Au soir des championnats de France de cross-country, je ne résiste pas à l’envie d’orienter ma chronique sur ce sujet. Ce moment fort de la saison hivernale de course à pied me rappelle mes débuts en athlétisme, lorsque j’épinglais le dossard des France avec un mélange de fébrilité, d’excitation et d’innocence aux côtés de mes copines de club. Nous participions à ce rendez-vous hors normes, inénarrable tant il doit être vécu de l’intérieur pour être vraiment compris, avec une conscience aigüe de notre chance. Non, nous n’étions pas des championnes, mais nous apprenions là l’essence même de ce qui construit un athlète : la vitesse hallucinante du départ, la qualité des appuis au sol, la gestion de course, la combativité, l’humilité. La hargne aussi. En cross, le principe est simple : on part tous à fond et on meurt lentement jusqu’à l’arrivée. Celui qui gagne, c’est celui qui meurt le dernier.
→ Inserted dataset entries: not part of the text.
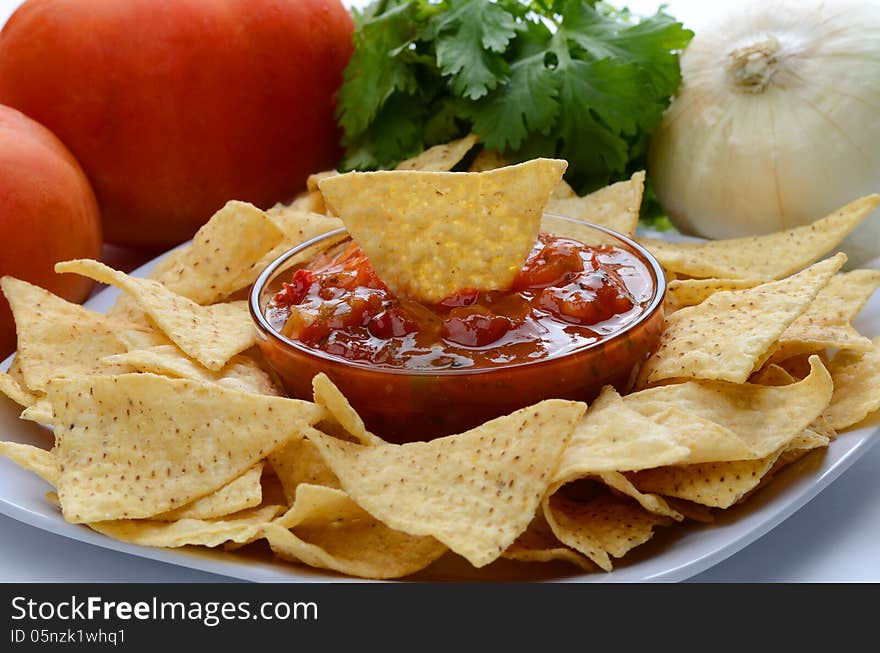 A Plate of chips and salsa with onion, cilantro and tomatoes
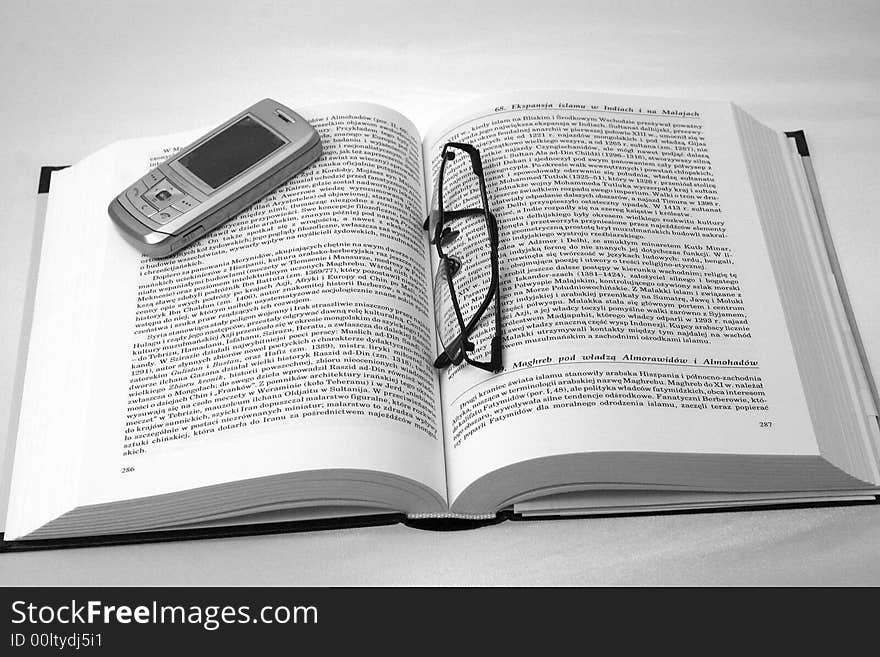 History book with glasses and mobile phone. History book with glasses and mobile phone.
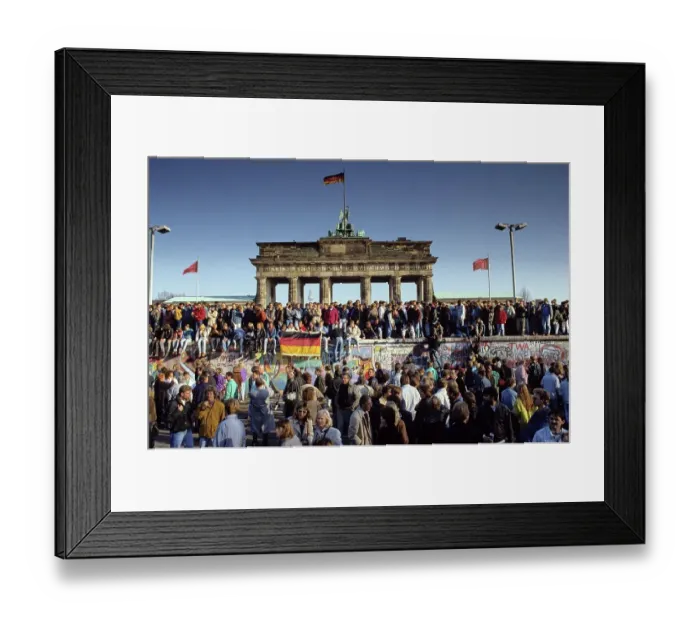 Framed Print : Fall of the Berlin Wall: people from East and West Berlin climbing on the Wall at the Brandenburg Gate, Berlin, Germany, Europe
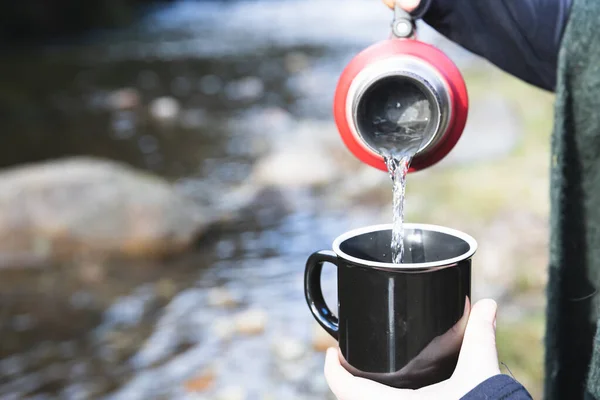Young woman pouring hot water in a mug. Beside a river. Latin beverage. — Stockfoto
Dans nos sociétés où la facilité et la médiatisation sont reines, le cross a plutôt mauvaise réputation auprès des runners et une visibilité très restreinte (voire inexistante) dans la presse. Discipline fondatrice mais délaissée, le cross reste pourtant un exercice incontournable pour tout coureur qui se respecte. Malheureusement, les parcours vallonnés originels ont laissé place à des boucles insipides, où les côtes sont souvent artificielles et où les longues lignes droites s’étirent le long des barrières des hippodromes. En fin d’année 2012, je publiais un long article dans Jogging International qui, chose suffisamment rare pour être saluée, donnait alors une large place dans ses pages au cross-country. A l’époque, j’avais interviewé le responsable du cross à la FFA, Patrice Binelli. Voici ce qu’il m’avait confié : « Bien que certaines épreuves aient disparu, comme le cross du Figaro ou de la RATP, nous avons gardé de belles organisations de rang régional, interrégional et national. Je dirais que 80 % des participants sont des licenciés. Les organisateurs proposent généralement des courses open, ouvertes à tous, mais la grande majorité des coureurs est affiliée à un club. La multiplication des formes de pratiques fait que le cross n’est plus incontournable. »
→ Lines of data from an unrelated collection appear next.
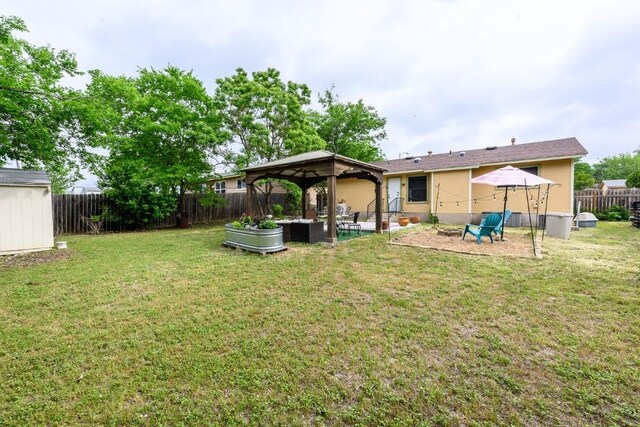 7103 Howerington Cir, Austin, TX 78724 - rear view of house featuring a gazebo, stucco siding, and a patio area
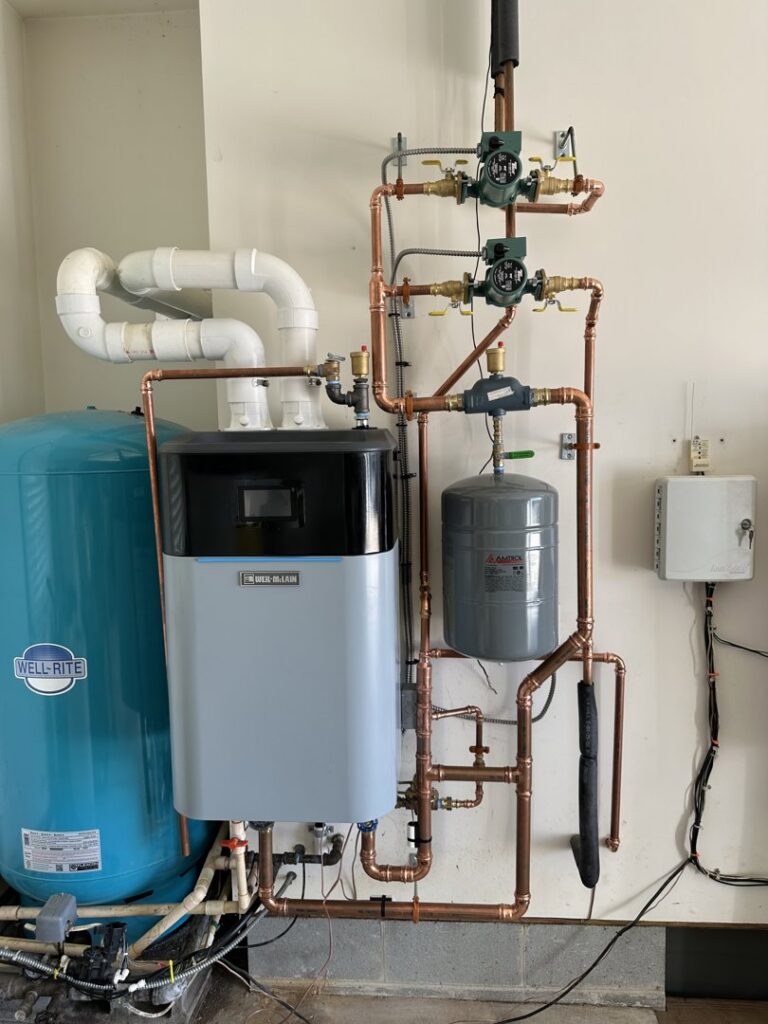 A professionally installed indoor boiler and water heater system with copper piping by McTeer's Heating & Cooling in Salisbury, MD.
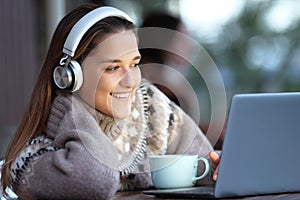 Happy woman watching and listening media on laptop in a bar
Multiplication des activités sportives de loisirs, calendrier athlétique hivernal chargé (épreuves en salle, trails blancs, courses sur route…), culture de la course à pied peu développée dans les écoles, tendance à opter pour une activité plus confortable que le cross lorsqu’il fait froid et humide, psychologie du coureur (être relégué à l’arrière d’un peloton de crossmen a de quoi démotiver) : les raisons du désamour des Français pour le cross-country sont nombreuses. Et profondes. Mais je reste persuadée que la discipline mérite d’être expérimentée et travaillée. Parce qu’elle forme un coureur. Mais aussi parce qu’elle forge un homme, tout simplement.

Savez-vous où est né le cross-country ?

Le cross-country ne date pas d’hier ! Ses racines se situent en Angleterre où, dès la fin du XVIIe et le début du XVIIIe siècles, on pratiquait des « courses au clocher » de village en village. Certaines épreuves mettaient aux prises des domestiques qui couraient pour le compte de leurs nobles employeurs « across the country » (autrement dit « à travers la campagne »). Les itinéraires étaient tracés dans les prairies, les champs, les forêts, les collines… et les concurrents devaient donc franchir des clôtures, des ruisseaux et toutes sortes d’obstacles.
Les premiers championnats de France furent organisés en 1889. A l’époque, et pendant plus d’un siècle, il n’existait qu’une distance. En 1998, naissait cependant une nouvelle épreuve : le cross court, dont la distance varie de 3 à 5 km. La discipline répondait ainsi aux attentes des spécialistes du demi-fond court sur piste (800m, 1500m).